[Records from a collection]
= = = = =

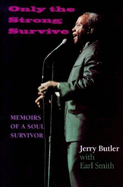 Only the Strong Survive: Memoirs of a Soul Survivor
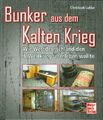 Bunker Luftschutz: Bunker aus dem Kalten Krieg - wie Westdeutschland den 3. Welt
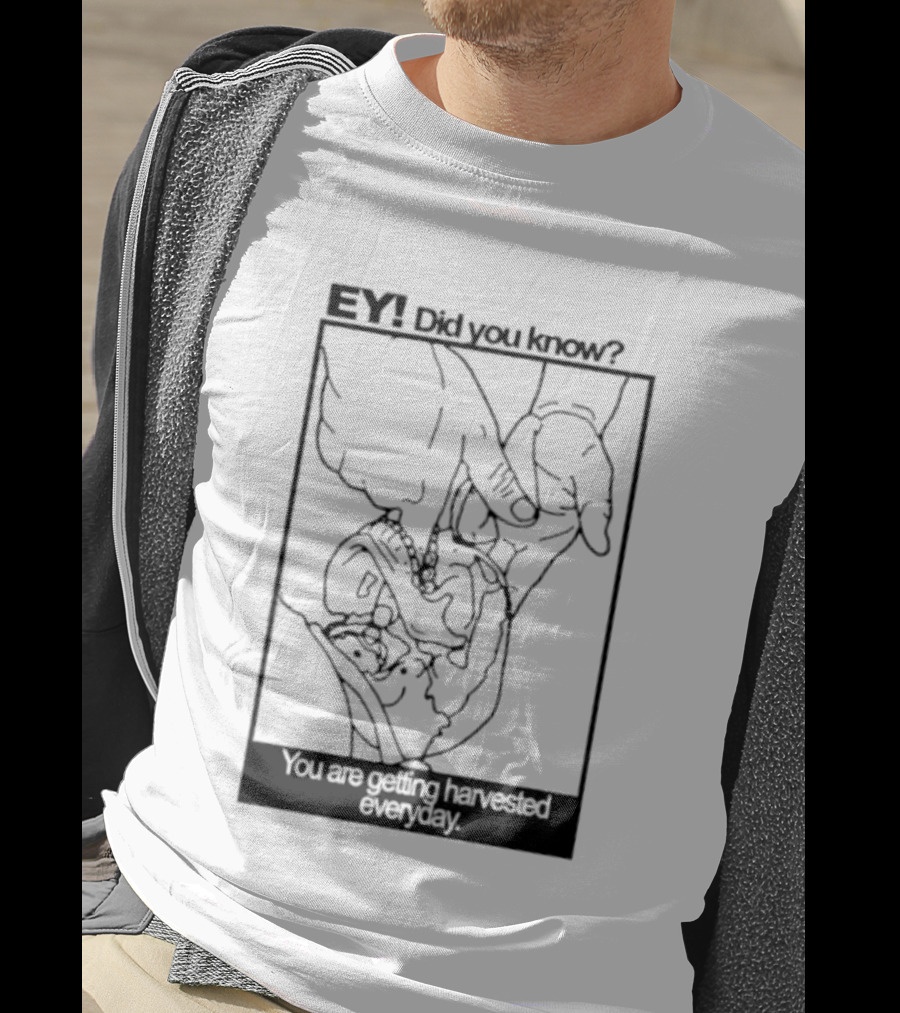 EY Did You Know You Are Getting Harvested Everyday Sketch Hands And Face T-Shirt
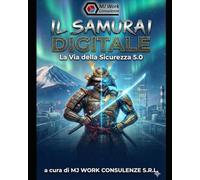 Il Samurai Digitale: La Via della Sicurezza 5.0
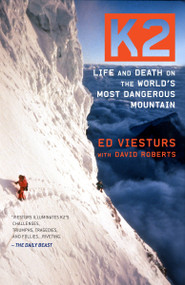K2 (Life and Death on the World's Most Dangerous Mountain) by Ed Viesturs, David Roberts, 9780767932608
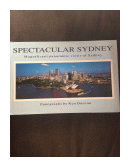 Spectacular Sydney - Magnificent Panoramic views of Sydney de  Ken Duncan
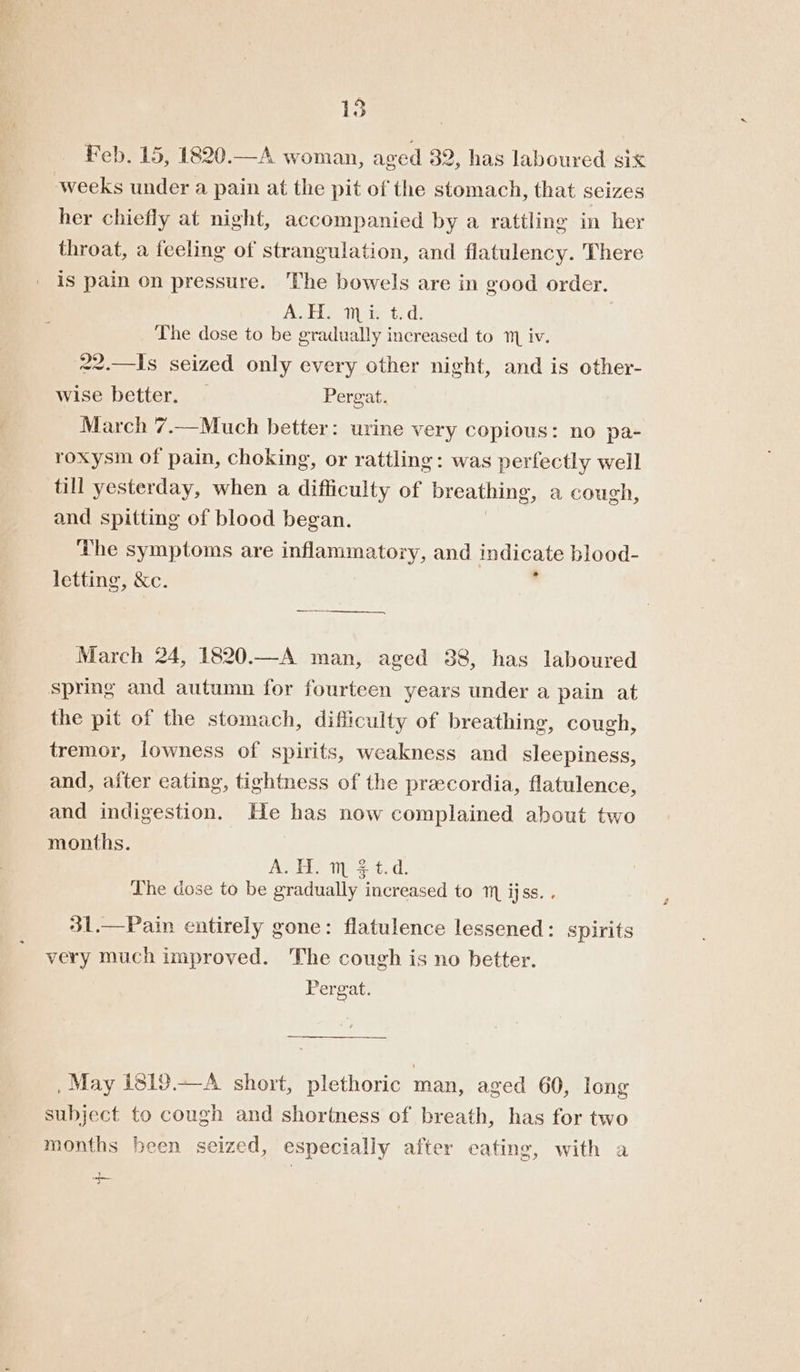 Feb. 15, 1820.—A woman, aved 32, has laboured six weeks under a pain at the pit of the stomach, that seizes her chiefly at night, accompanied by a rattling in her throat, a feeling of strangulation, and flatulency. There is pain on pressure. The bowels are in good order. Aebi een ie td: The dose to be gradually increased to 1 iv. 22.—Is seized only every other night, and is other- wise better. . Pergat. March 7.-Much better: urine very copious: no pa- roxysm of pain, choking, or rattling: was perfectly well till yesterday, when a difficulty of breathing, a cough, and spitting of blood began. ‘the symptoms are inflammatory, and indicate blood- letting, &amp;c. ~~, March 24, 1820.—A man, aged 88, has laboured spring and autumn for fourteen years under a pain at the pit of the stomach, difficulty of breathing, cough, tremor, lowness of spirits, weakness and acne and, after eating, tightness of the precordia, flatulence, and indigestion. He has now complained about two months. AGEL es +t Lhe dose to be gradually increased to 1 ijss. . 31.—Pain entirely gone: flatulence lessened: spirits very much improved. The cough is no better. Pergat. , May 1819.—A short, plethoric man, aged 60, long subject to cough and shortness of breath, has for two months been seized, especially after cating, with a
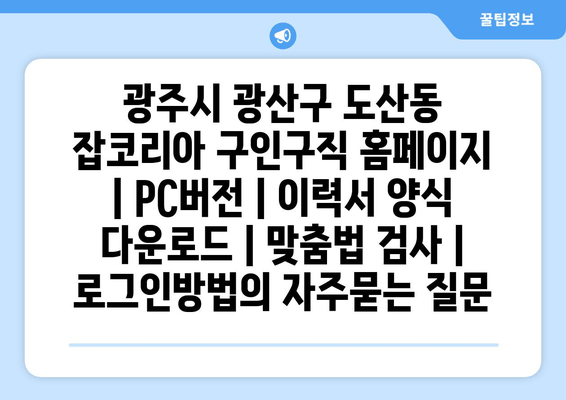 광주시 광산구 도산동 잡코리아 구인구직 홈페이지 | PC버전 | 이력서 양식 다운로드 | 맞춤법 검사 | 로그인방법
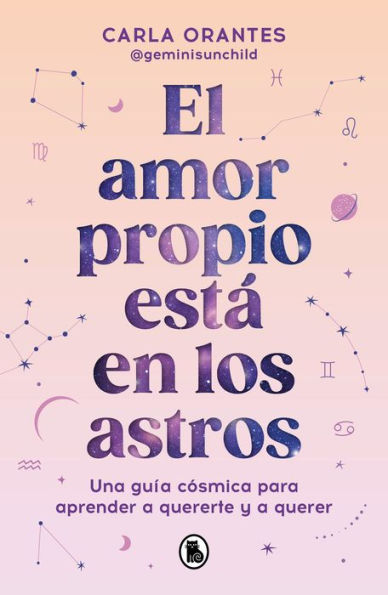 El amor propio está en los astros: Una guía cósmica para aprender a quererte y a querer / Self-Love Is in the Stars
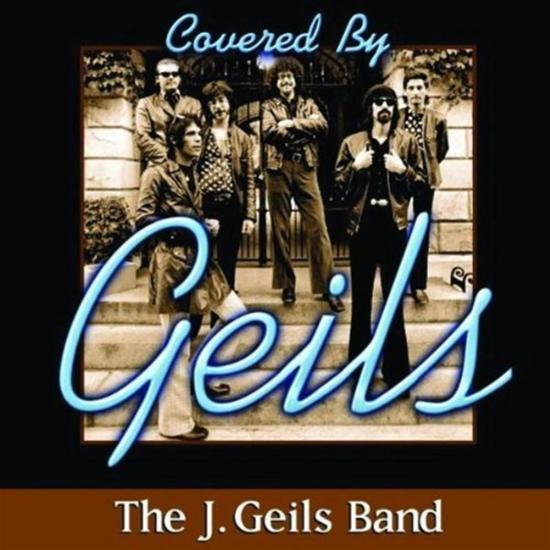 Covered By Geils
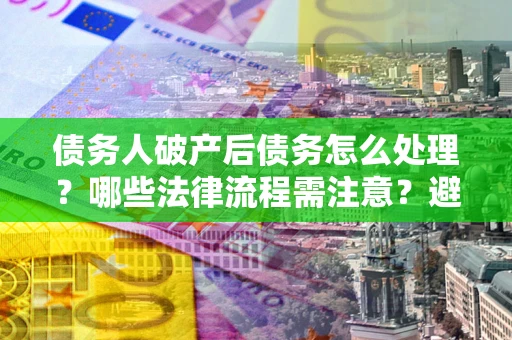 济南债务人破产后债务怎么处理？哪些法律流程需注意？避免踩坑指南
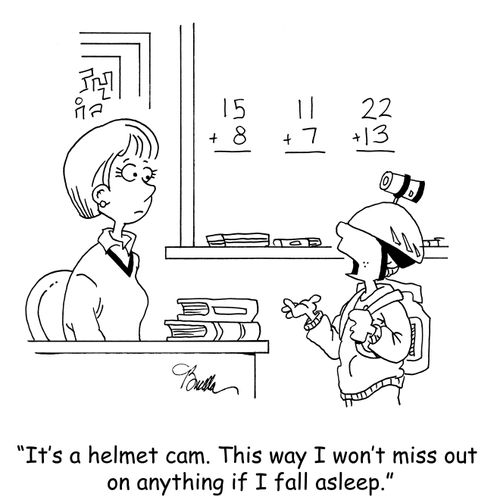 "It's a helmet cam. This way I won't miss out on anything if I fall asleep."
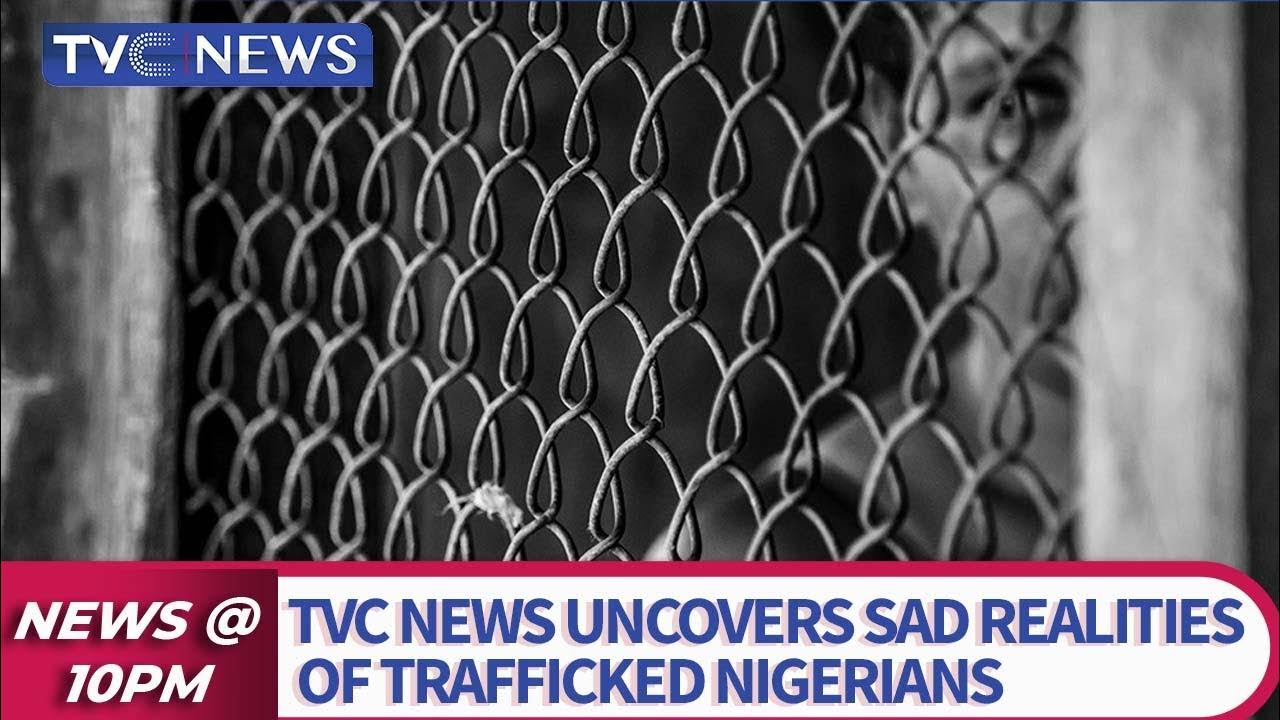 TVC News Uncovers Sad Realities of Trafficked Nigerians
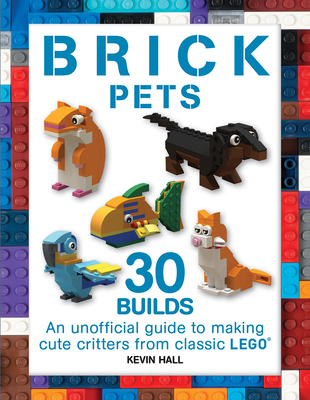 Brick Pets: 30 Builds: An unofficial guide to making cute critters from classic LEGO (Brick Builds Books) Cover Image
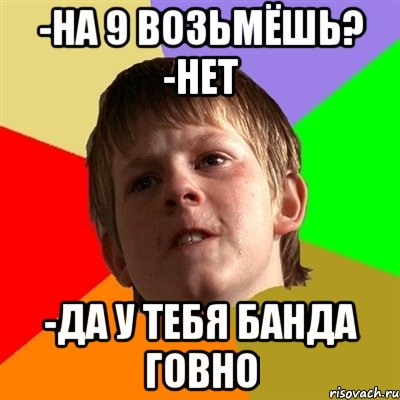 -на 9 возьмёшь? -нет -да у тебя банда говно, Мем Злой школьник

= = = = =

* Exercise *
Each entry above needs to be restated without a single word changed; skip the images.

* Written answer *
 Only the Strong Survive: Memoirs of a Soul Survivor
 Bunker Luftschutz: Bunker aus dem Kalten Krieg - wie Westdeutschland den 3. Welt
 EY Did You Know You Are Getting Harvested Everyday Sketch Hands And Face T-Shirt
 Il Samurai Digitale: La Via della Sicurezza 5.0
K2 (Life and Death on the World's Most Dangerous Mountain) by Ed Viesturs, David Roberts, 9780767932608
 Spectacular Sydney - Magnificent Panoramic views of Sydney de  Ken Duncan
 Feb. 15, 1820.—A woman, aved 32, has laboured six weeks under a pain at the pit of the stomach, that seizes her chiefly at night, accompanied by a rattling in her throat, a feeling of strangulation, and flatulency. There is pain on pressure. The bowels are in good order. Aebi een ie td: The dose to be gradually increased to 1 iv. 22.—Is seized only every other night, and is other- wise better. . Pergat. March 7.-Much better: urine very copious: no pa- roxysm of pain, choking, or rattling: was perfectly well till yesterday, when a difficulty of breathing, a cough, and spitting of blood began. ‘the symptoms are inflammatory, and indicate blood- letting, &amp;c. ~~, March 24, 1820.—A man, aged 88, has laboured spring and autumn for fourteen years under a pain at the pit of the stomach, difficulty of breathing, cough, tremor, lowness of spirits, weakness and acne and, after eating, tightness of the precordia, flatulence, and indigestion. He has now complained about two months. AGEL es +t Lhe dose to be gradually increased to 1 ijss. . 31.—Pain entirely gone: flatulence lessened: spirits very much improved. The cough is no better. Pergat. , May 1819.—A short, plethoric man, aged 60, long subject to cough and shortness of breath, has for two months been seized, especially after cating, with a
 광주시 광산구 도산동 잡코리아 구인구직 홈페이지 | PC버전 | 이력서 양식 다운로드 | 맞춤법 검사 | 로그인방법
 El amor propio está en los astros: Una guía cósmica para aprender a quererte y a querer / Self-Love Is in the Stars
 Covered By Geils
 济南债务人破产后债务怎么处理？哪些法律流程需注意？避免踩坑指南
 "It's a helmet cam. This way I won't miss out on anything if I fall asleep."
 TVC News Uncovers Sad Realities of Trafficked Nigerians
 Brick Pets: 30 Builds: An unofficial guide to making cute critters from classic LEGO (Brick Builds Books) Cover Image
 -на 9 возьмёшь? -нет -да у тебя банда говно, Мем Злой школьник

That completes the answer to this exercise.